Wednesday, January 11, 2012

Farthest Developing Galaxy Cluster Ever Found

 Using NASA's Hubble Space Telescope, astronomers have uncovered a cluster of galaxies in the initial stages of development. It is the most distant such grouping ever observed in the early universe.



he composite image at left, taken in visible and near-infrared light, reveals the location of five tiny galaxies clustered together 13.1 billion light-years away. The circles pinpoint the galaxies. The sharp-eyed Wide Field Camera 3 aboard NASA's Hubble Space Telescope spied the galaxies in a random sky survey. The developing cluster is the most distant ever observed. The young galaxies lived just 600 million years after the universe's birth in the big bang. (Credit: NASA, ESA, M. Trenti (University of Colorado, Boulder, and Institute of Astronomy, University of Cambridge, UK), L. Bradley (STScI), and the BoRG team)

In a random sky survey made in near-infrared light, Hubble found five tiny galaxies clustered together 13.1 billion light-years away. They are among the brightest galaxies at that epoch and very young — existing just 600 million years after the big bang.
Galaxy clusters are the largest structures in the universe, comprising hundreds to thousands of galaxies bound together by gravity. The developing cluster, or protocluster, is seen as it looked 13 billion years ago. Presumably, it has grown into one of today's massive galactic cities, comparable to the nearby Virgo cluster of more than 2,000 galaxies.
"These galaxies formed during the earliest stages of galaxy assembly, when galaxies had just started to cluster together," said Michele Trenti of the University of Colorado at Boulder and the Institute of Astronomy at the University of Cambridge in the United Kingdom. "The result confirms our theoretical understanding of the buildup of galaxy clusters. And, Hubble is just powerful enough to find the first examples of them at this distance."
Trenti presented the results today at the American Astronomical Society meeting in Austin, Texas. The study will be published in an upcoming issue of The Astrophysical Journal.
Most galaxies in the universe reside in groups and clusters, and astronomers have probed many mature galactic cities in detail as far as 11 billion light-years away. Finding clusters in the early phases of construction has been challenging because they are rare, dim and widely scattered across the sky.
"We need to look in many different areas because the odds of finding something this rare are very small," said Trenti, who used Hubble's sharp-eyed Wide Field Camera 3 (WFC3) to pinpoint the cluster galaxies. "It's like playing a game of Battleship: the search is hit and miss.
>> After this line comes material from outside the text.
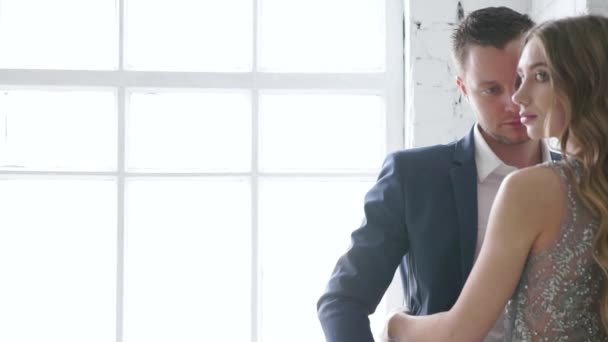 Un hombre y una niña están mirando a un amigo contra una ventana, posando para un fotógrafo, sonriendo. La pareja vulnerable. Las modelos están posando . — Vídeo de stock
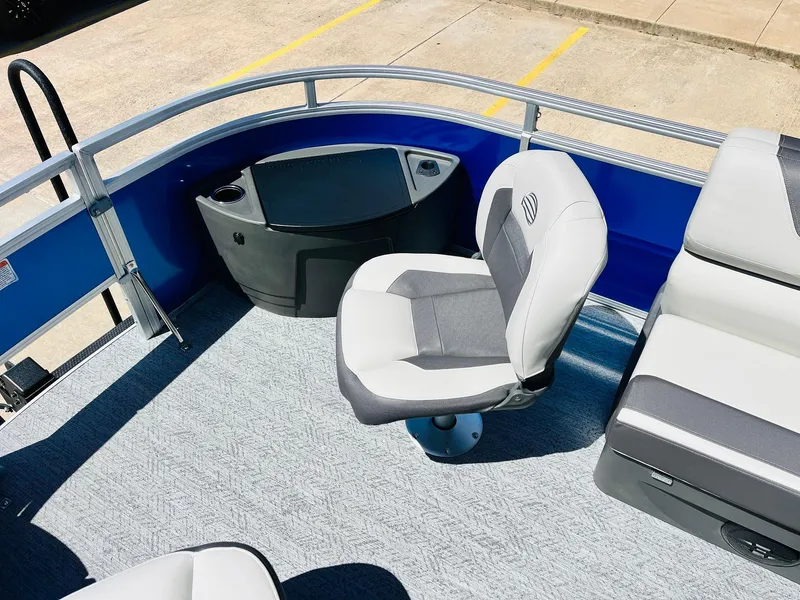 Slide: The Image of 2026 Sun Tracker Fishin' Barge 20 DLX interior with seating and storage. - 16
Typically, a region has nothing, but if we hit the right spot, we can find multiple galaxies."
Because the distant, fledgling clusters are so dim, the team hunted for the systems' brightest galaxies. These galaxies act as billboards, advertising cluster construction zones. From simulations, the astronomers expect galaxies at early epochs to be clustered together. Because brightness correlates with mass, the most luminous galaxies pinpoint the location of developing clusters. These powerful light beacons live in deep wells of dark matter, an invisible form of matter that makes up the underlying gravitational scaffolding for construction. The team expects many fainter galaxies that were not seen in these observations to inhabit the same neighborhood.
The five bright galaxies spotted by Hubble are about one-half to one-tenth the size of our Milky Way, yet are comparable in brightness. The galaxies are bright and massive because they are being fed large amounts of gas through mergers with other galaxies. The team's simulations show that the galaxies will eventually merge and form the brightest central galaxy in the cluster, a giant elliptical similar to the Virgo Cluster's M87.
These observations demonstrate the progressive buildup of galaxies. They also provide further support for the hierarchical model of galaxy assembly, in which small objects accrete mass, or merge, to form bigger objects over a smooth and steady but dramatic process of collision and collection.
The observations are part of the Brightest of Reionizing Galaxies survey, which uses Hubble's WFC3 to search for the brightest galaxies around 13 billion years ago, when light from the first stars burned off a fog of cold hydrogen in a process called reionization.
The team estimated the distance to the newly found galaxies based on their colors, but the astronomers plan to follow up with spectroscopic observations, which measure the expansion of space. Those observations will help the astronomers precisely calculate the cluster's distance and also will yield the velocities of the galaxies, which will show whether they are gravitationally bound to each other.